FIG. 15 shows in longitudinal cross-section a third embodiment of the engine.

The present method for transforming thermal energy into mechanical energy makes use of a combustion engine comprising a body provided with an admission duct and an exhaust duct and having at least one movable member displaceable with respect to said body and defining a variable volume chamber.

This method comprises a working cycle the number of active and inactive strokes of which is higher than four and preferably equal to six.

Among the strokes of this cycle comprising more than six strokes, one finds always at least the four following strokes:

a. the compression of air contained in the variable volume chamber, through a reduction of the volume of said chamber, into a preheating chamber;

b. the expansion of the variable volume chamber through the expansion of hot air contained in the said preheating chamber.

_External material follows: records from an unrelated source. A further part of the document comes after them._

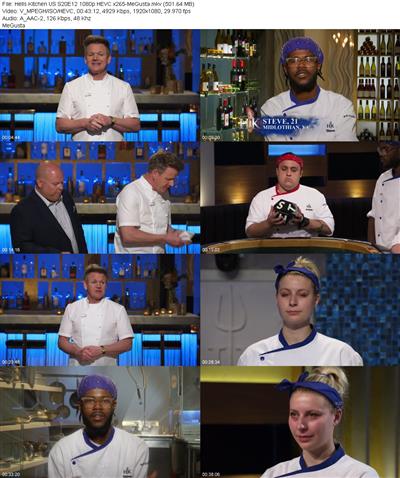 Hells Kitchen US S20E12 1080p HEVC x265 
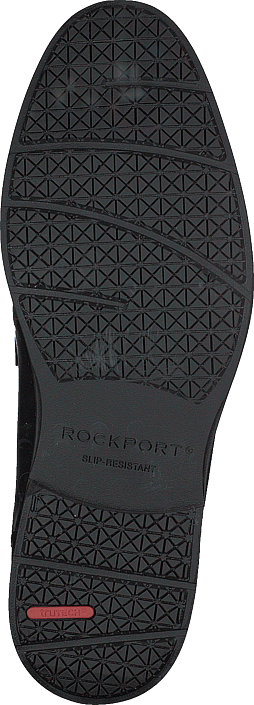 Rockport - Dustyn Plain Toe Black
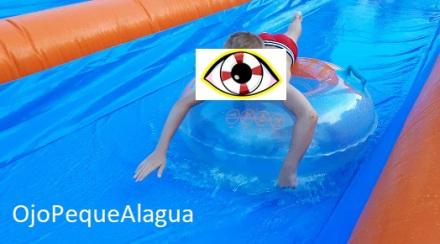 OjoPequealAgua, una iniciativa para salvar vidas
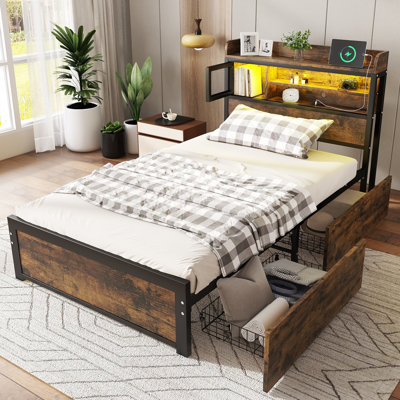 Bed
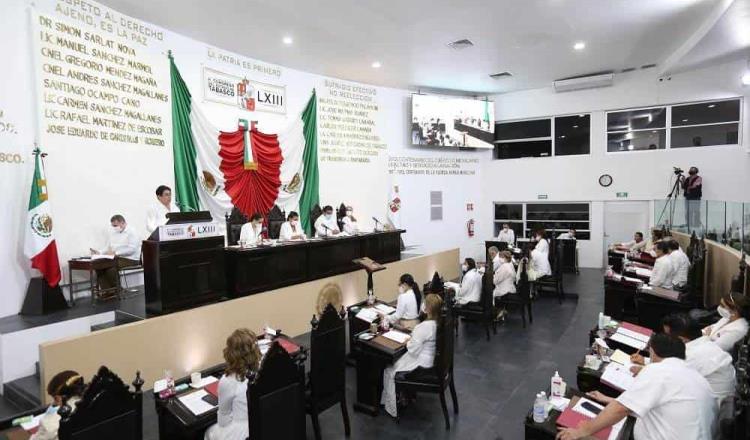 Ventila FGE existencia de 19 órdenes de aprehensión contra ex funcionarios en Tabasco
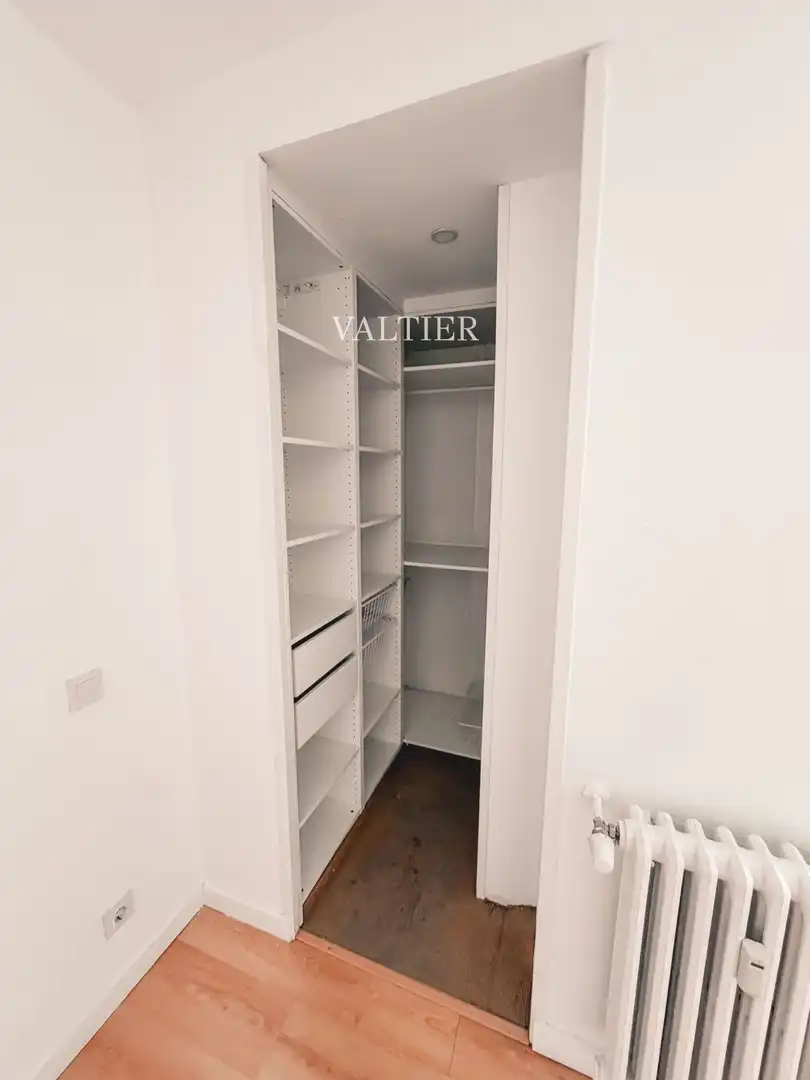 Habitación de Piso de alquiler en Madrid con Aire acondicionado y Terraza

c. the compression, through a reduction of volume of the variable volume chamber, of the hot expanded air located therein into a combustion chamber in which fuel is introduced causing the combustion of the thus obtained mixture;

d. the expansion of the variable volume chamber through the expansion in said chamber of high temperature and high pressure combustion gases coming from the combustion chamber.

In the case of a six stroke working cycle, the method comprises further the two following strokes:

e. the introduction of air, through the admission duct, into the variable volume chamber during an increase of volume of said chamber; and

f. the expulsion, through the exhaust duct, due to a reduction of the volume of the variable volume chamber of the expanded combustion gas contained in said chamber.

This method comprises thus two active or motor strokes which are the expansion of the variable volume chamber by hot pressurized air (stroke b) and the expansion of said variable volume chamber by a high temperature and high pressure combustion gas (stroke d).

This method comprises thus a ratio between the active and inactive strokes equal to 1/3 and an exhaust every six strokes only.

The method described comprises two variants according to the succession of the strokes a to f in a complete working cycle. In a first variant the strokes of a cycle follow each other in the following manner: e, a, b, c, d, f whereas in the second variant thus succession of strokes is: e, a, d, f, b, c.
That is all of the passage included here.